Hopkins and Donaldson had first discussed doing
a biography of Ernest Hemingway called Papa, but it never got off
the ground. Then Donaldson asked Hopkins to take a look at the Munro script that he had been working at on
and off for three decades.
“There
are some sorts of movies – like this movie – that don’t appeal to the
studio system,” Donaldson acknowledges. “This film has spanned my whole
career as a filmmaker, really. It started out as one of the first films I
made as a documentary. The real guy just stuck with me. I could never
forget this guy. When I started making feature films, which was a few
years later, I just thought there was something about this character which
would say a lot for me personally about my own experience of coming to
America, as well as be a connection to a film and a character that I had
met and come with on one of my first trips to America.”
Hopkins recalls, “Roger Donaldson sent me the DVD of the documentary and the
script and he said, ‘Watch the documentary first and then read the script
and see what you think.’ So I watched the documentary. I thought it was
very good. I phoned him and he said, “Have you read the script?” I read
the script the next day and I phoned him up and said, yeah, I’d like to do
it.”
“As a result of getting
back together on [the aborted Papa project], I said, hey, I’ve
written this script that you may be interested in doing,” Donaldson
agrees. “He read the script the same day as I remember and called me back
and said he’d love to do it. Once he was on board, the whole movie became
a reality… I don’t know any other actor who could have done with it what
he’s done with it. For me he found the heart and soul of this character.

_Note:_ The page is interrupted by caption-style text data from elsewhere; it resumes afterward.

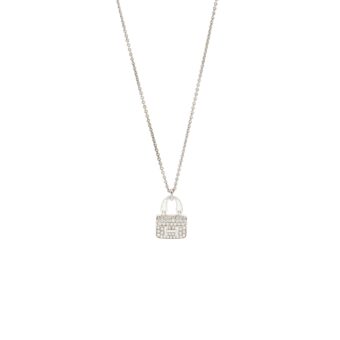 Hermes Constance Amulette Pendant White Gold Diamonds
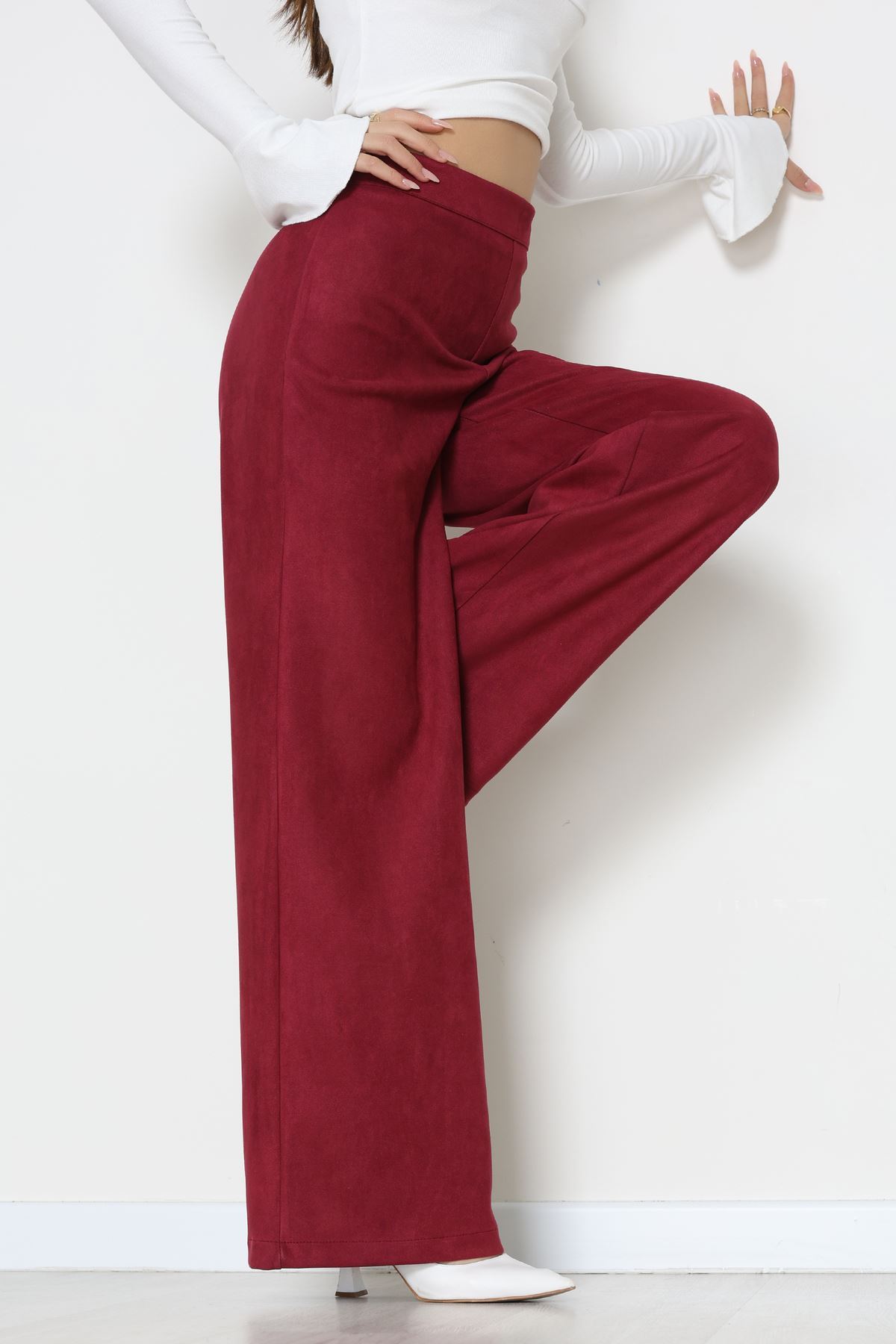 Süet Pantolon Mürdüm - 1808.2126.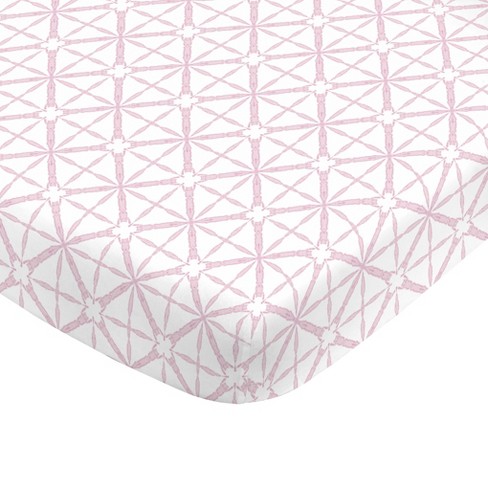 Nojo Super Soft Pink Tie Dye Nursery Crib Fitted Sheet Target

He found the subtlety and the nuance of the character. He delivered my
lines that I’d written in a way as though this character thought them up
at the moment he’s saying them. As a director you realize you’re only as
good as the people you cast in your movie. I was lucky to have Anthony in
my film.”
In some ways, The World’s Fastest Indian
is a few different films in one. The first third of the movie shows Burt
in his native New Zealand, the odd neighbor who bugs his neighbors but is respected and
liked for his single-minded obsession with inventing and speed. Hopkins tried to capture the vibe of Munro, but realized it was futile to
try and be him.
“I don't look anything like the real Burt
Munro,” Hopkins says. “I resisted doing a Rich Little, because if you do that you
become a mimic. With an accent like this guy, a New Zealand accent… if you strive to get it absolutely accurate then it's not
a performance. It's a mask. You may as well get a Munro mask. That's not
what acting is about. That's my opinion. So you just airbrush it in there.
You just put a couple of pen strokes here and there. Roger on the set
everyday would say, 'Tony, you've lost it a little bit this morning. Let’s
watch those sounds.' But the New Zealand, South
Ireland accent it was easier for me because Burt sounds a little bit
Cornish or maybe Irish. So it was easier than North Ireland is much more, I think, a much more pitched sound. It's a difficult
sound to get.”
The middle section of the film becomes a
fish-out-of-water road movie when the somewhat naïve Kiwi experiences the United States of the 1960s. Burt meets lots of strangers who are charmed by the
man’s unassuming determination to succeed, a transvestite hotel clerk, a
Hispanic car dealer, an Indian and an extremely friendly widow. Looking at
this time of history with an outsider’s eyes, Munro is able to experience
some of the highs and lows of the era – the sexual revolution, drugs, the
Vietnam War – with a charming open-mindedness.
“This
movie reflects very much my own experience of coming to America,” says
director Roger Donaldson. “I remember when I first came here in 1968 I was
a photographer and I wanted to see Haight-Asbury. I literally wanted
to see Haight-Asbury. I stood on the corner and was very disappointed
to see that I’d actually missed it by a few weeks. The hippies were not
quite so out there in full force. But I did remember going to a very
memorable concert up in Oregon somewhere that was a week before Woodstock.
I don’t remember where exactly. I got up on stage with Ike and Tina Turner
and got these amazing pictures at the height of their fame.”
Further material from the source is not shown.